Canadian government representatives said Goolsbee had privately assured them that Obama’s criticism of the North American Free Trade Agreement amounted to mere campaign posturing. Obama’s rival at the time, Sen. Hillary Rodham Clinton, seized on the episode as a sign that Obama was pandering to voters. Goolsbee denied that he had told the Canadians any such thing. After the dust-up, his public profile dropped considerably.

In the tightly controlled news conferences this week, reporters were barred from questioning Goolsbee, Volcker or any of the other economic officials Obama introduced. Obama has kept the news conferences spare -- limiting the number of questions and avoiding any ceremony. With no introduction, he has simply entered the small hotel conference room where the events are held and begun speaking. The decor is minimalist: a lectern and American flags

Volcker is part of a roster of Obama appointees steeped in Washington’s political culture.

Next week, the president-elect is to unveil his national security team.
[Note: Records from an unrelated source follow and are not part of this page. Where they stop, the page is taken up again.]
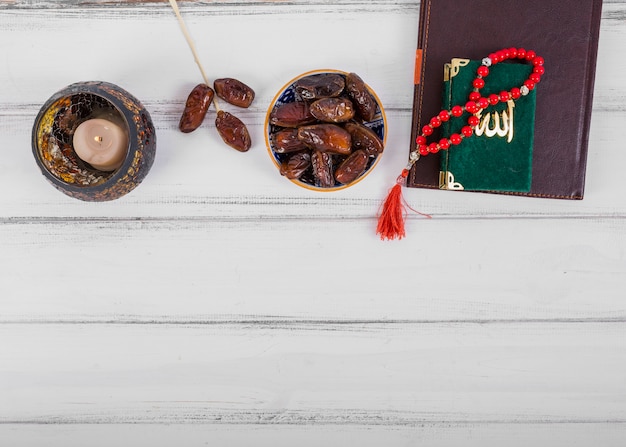 Photo gratuite bol de dattes séchées juteuses; bougie; journal intime; kuran et chapelet islamique perles de prière sur le bureau en bois blanc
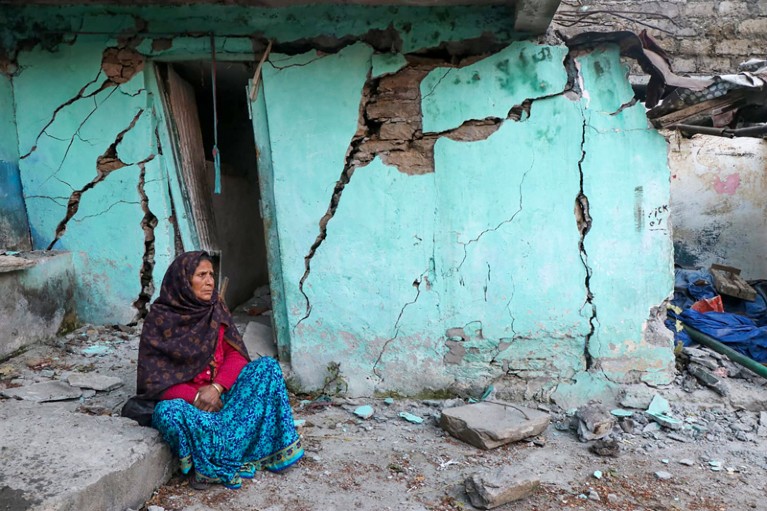 A woman sits beside a cracked wall of her house in India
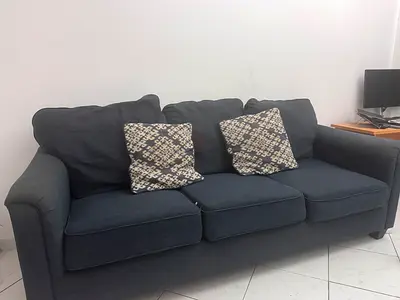 Dark grey 3-seater fabric sofa with cushions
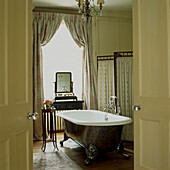 Reproduction Victorian cast iron roll top bath in elegant bathroom
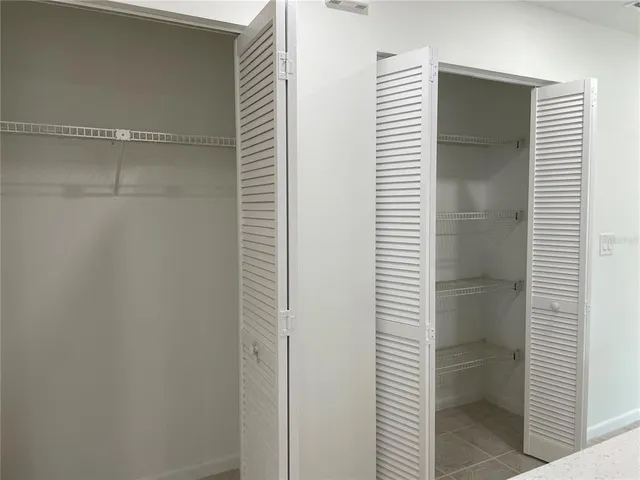 a bathroom view with a shower and a toilet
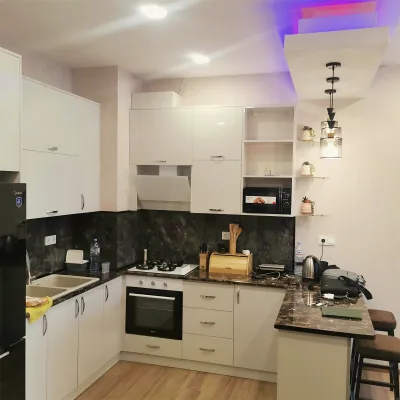 Fitted white kitchen by Yamout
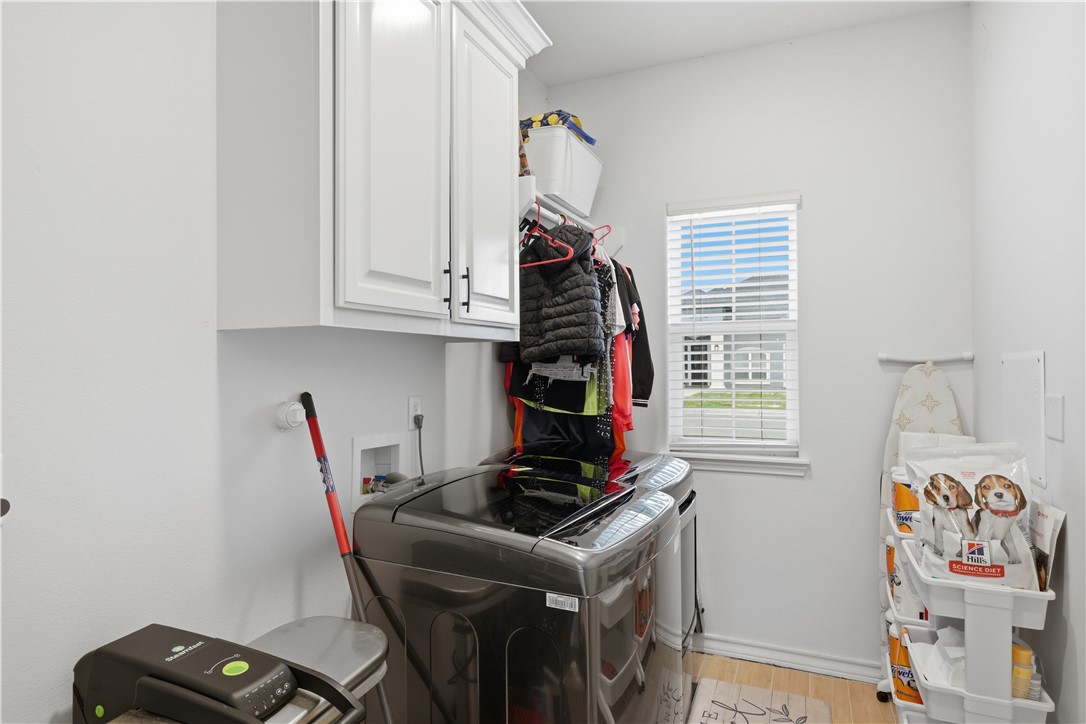 105 Sapphire Street Portland, TX 78374 - Photo 15 of 29 a room with storage and utility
He is expected to name Clinton as his secretary of State and to retain Robert M. Gates as Defense secretary.

Asked whether he could stock his administration with such Washington insiders and still carry out his promise to transform Washington, Obama stressed that the overall governing vision comes from him.

He said the “conventional wisdom floating around Washington” is that “there’s a recycling of people who were in the Clinton administration.”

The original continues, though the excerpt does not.